What I have not tried yet, would be NN-generated sound for drum loops and samples. First, and foremost (for a math-n00b like me), it requires sufficiently less mathematical knowledge . Neural networks consist almost entirely of linear algebra. No third-grade partial derivative equation systems, which wonderful world of physical modeling is so full of. Second, if current physical modeling paradigm concentrates of modeling a sound of a single hit (excitation of membrane or string pluck), generative neural networks, being completely agnostic of the physical nature of signals they are working with, could in fact, produce a non-deterministic rhythmic sequence of percussion hits (or rather, transients), if only we would train the model exclusively on soloed drum parts, of course. Which is the exact thing we’re gonna do!

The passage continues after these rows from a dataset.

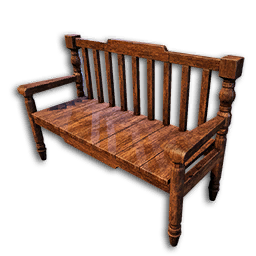 Carved Wood Sitting Bench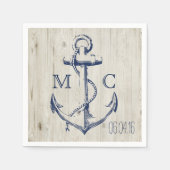Serviette En Papier Ancre blanche marine Monogramme en bois rustique (Devant)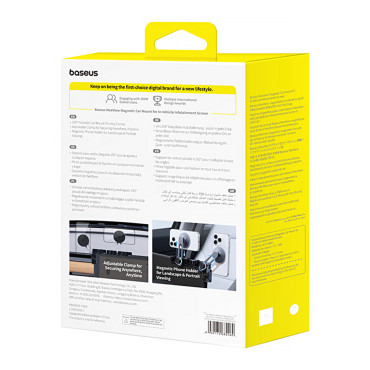 Magnetic car holder for the phone mounted on a display-gray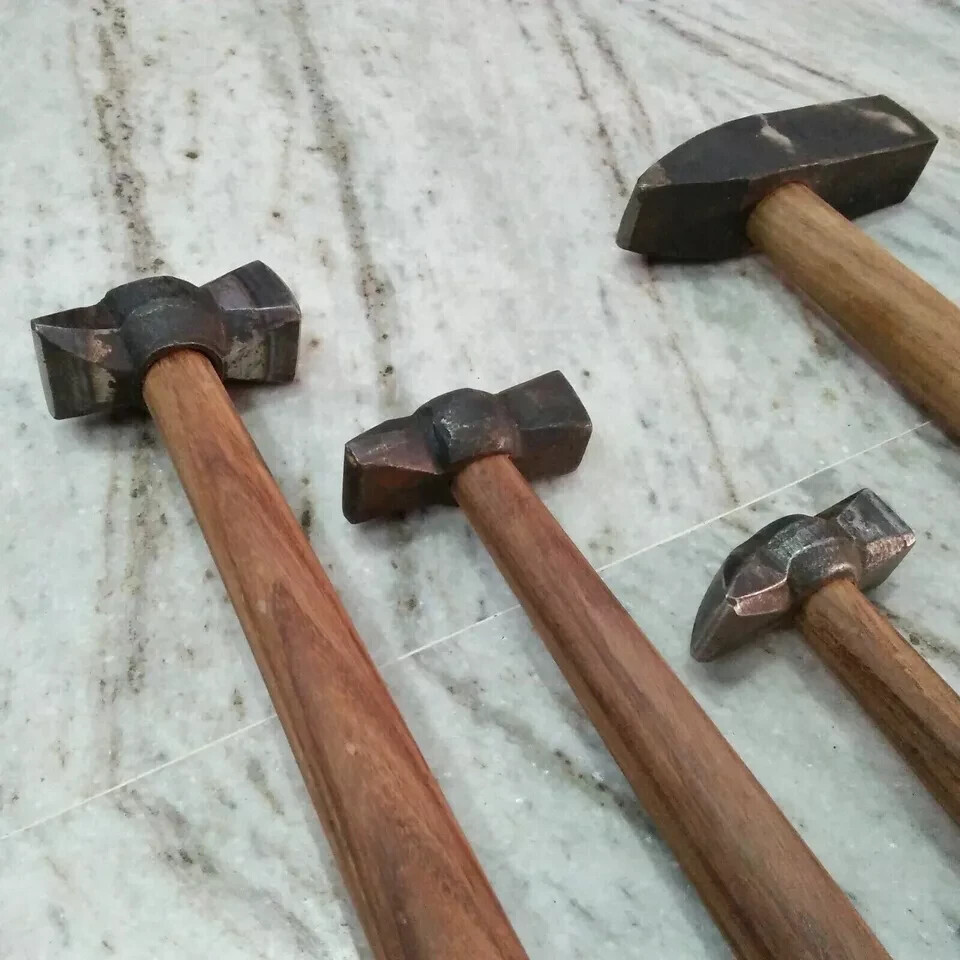Heavy Duty Set Black Forging Handmade Iron Hammers Blacksmith of 10 Tools 6.4kg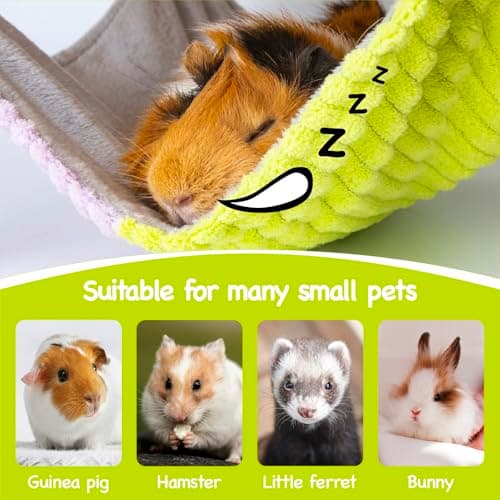 BESNEW 3 in 1 Enlarged Guinea Pig Hammock,Wooden Guinea Pig Hideout with House & Platform & Stairs Small Animal Toys for Hiding Sleeping Activities - Thumbnail 6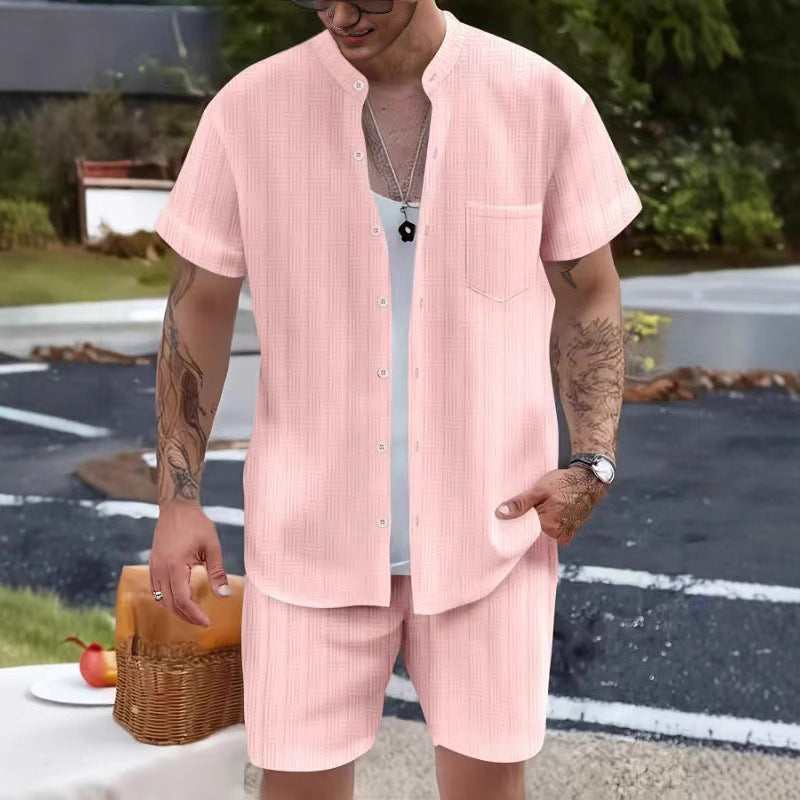 Men's Set – Relaxed Fit – Henley Shirt with Shorts – Breathable Lightweight Design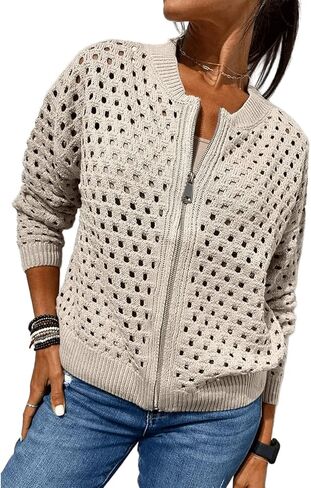 سترات نسائية بأكمام طويلة بسحاب للنساء سترة منسوجة من الكروشيه مجوفة كاجوال للخريف سترة قصيرة ملابس خارجية in Kuwait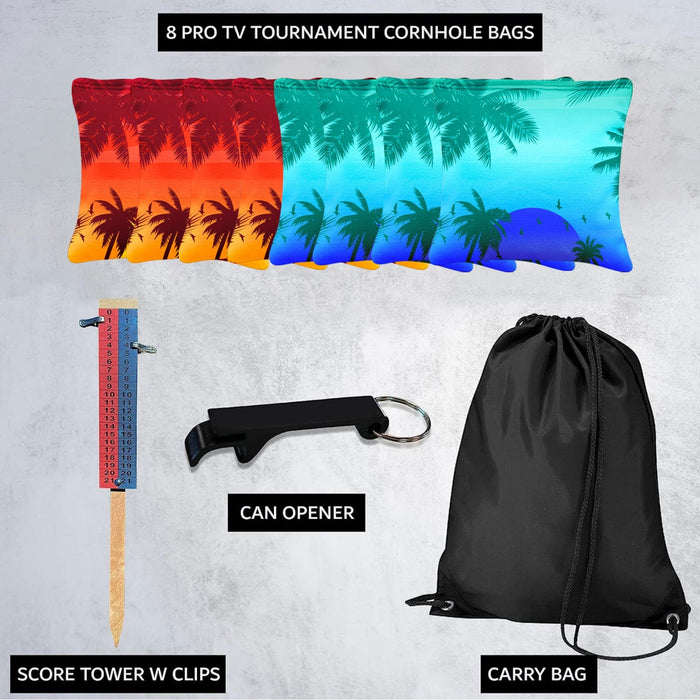 Red Blue Palm Sky Cornhole Bags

This way, a trained NN model could become an endless source of free and unique sounds, phrases and rhythmic textures . Well, maybe not completely free, as it still considered a but of a legal “gray area”, whenever you really own something to the copyright owners of the material you’ve trained you neural network on. Some GAN software explicitly states in it’s license, that the code itself and the models it produces are free for non-commercial use only.

The reason, it excites me so much, is that I personally feel, that this kind of approach is a bit underexplored area of artistic expression using machine-learning. I draw this conclusion from the fact, that the most advanced projects in this segment, such as Jukebox AI, seem to concentrate on producing a flow of “consumption ready” generated “music”. I netherless, admit the stellar results in facilitating that, achieved by community of developers and users of that software. My goals are much less ambitious.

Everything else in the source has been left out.